> EXERCISE AIM:
When you repeat the material, keep each line exact and omit the pictures.

> GIVEN DATA:
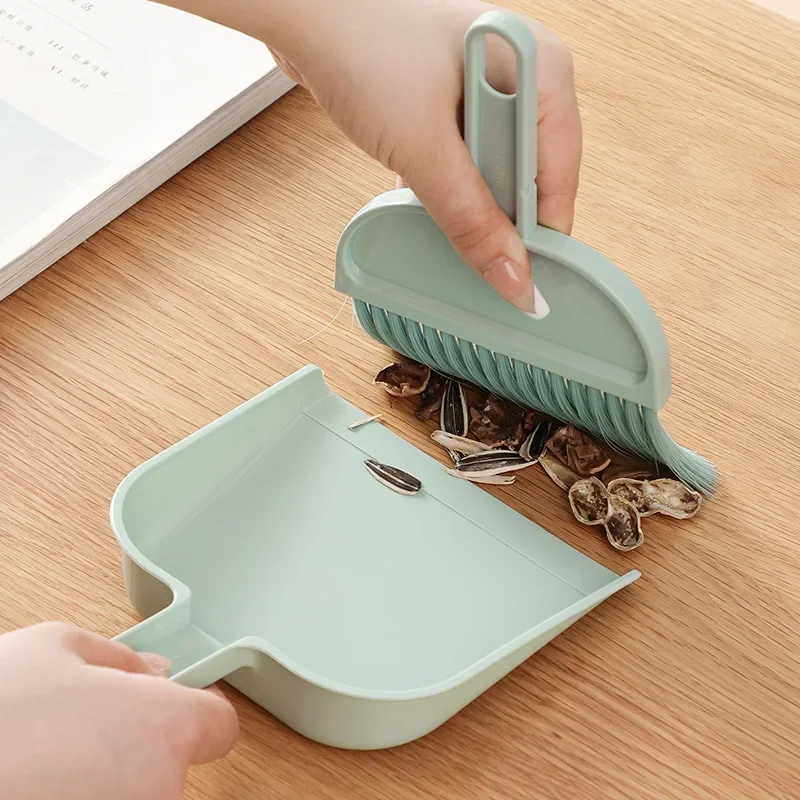 Home Sweeper Dustpan Set Mini Household Desktop Dust Soft Brush for Desk Bed Window Sill Cleaning Brush Office Room Broom Tools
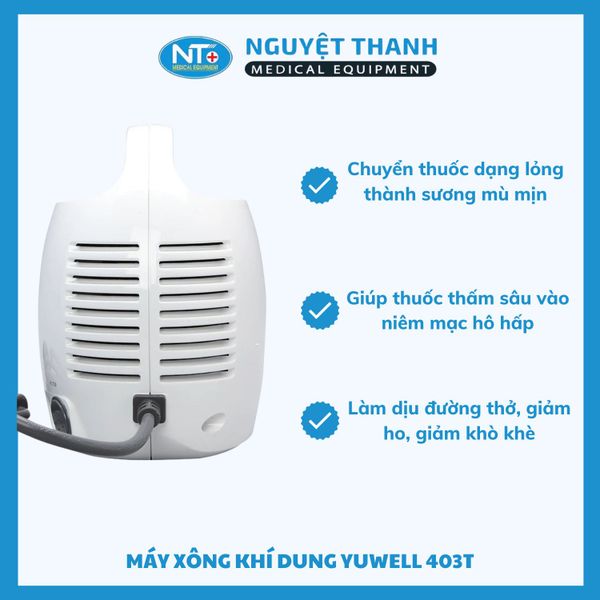 Máy Xông Khí Dung Yuwell 403T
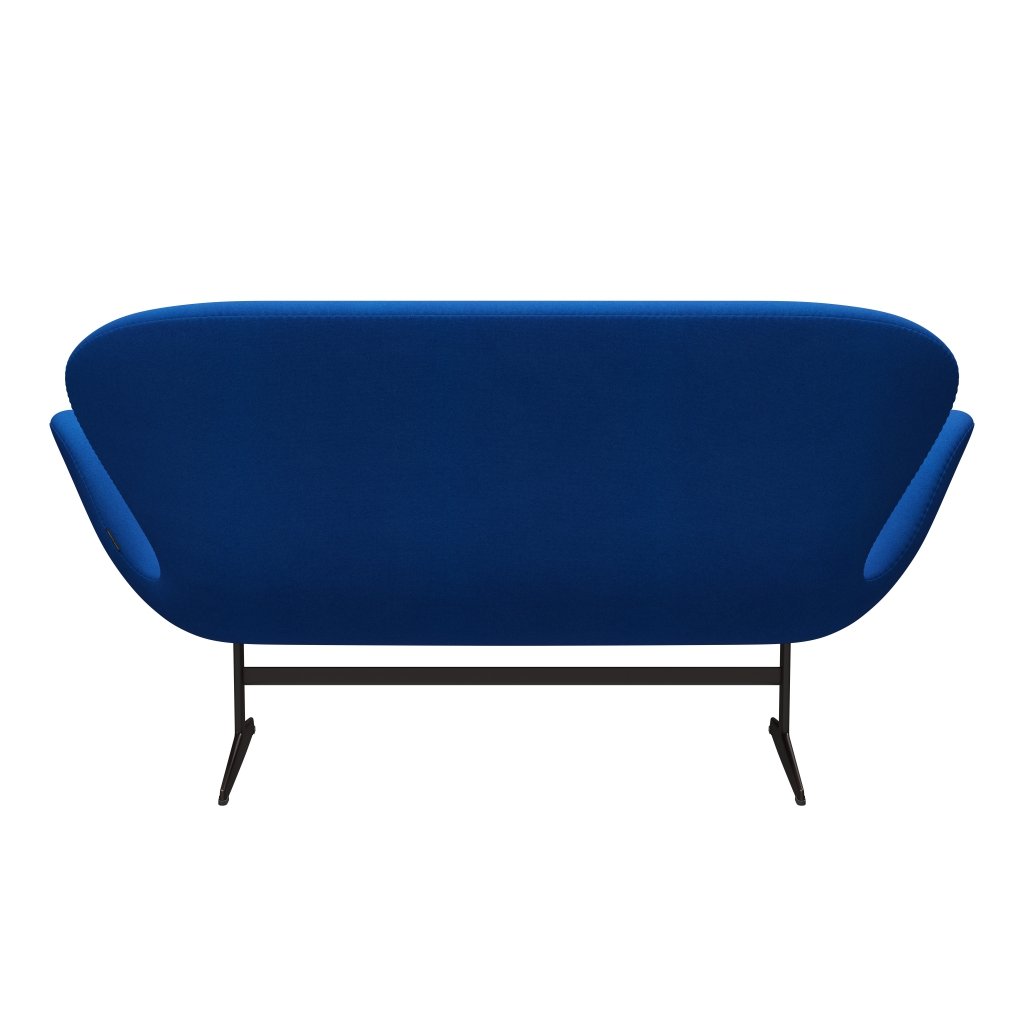 Fritz Hansen Swan Sofa 2 osobę, brązowy brąz/tonus niebieski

> RESULT OF THE EXERCISE:
 Home Sweeper Dustpan Set Mini Household Desktop Dust Soft Brush for Desk Bed Window Sill Cleaning Brush Office Room Broom Tools
 Máy Xông Khí Dung Yuwell 403T
 Fritz Hansen Swan Sofa 2 osobę, brązowy brąz/tonus niebieski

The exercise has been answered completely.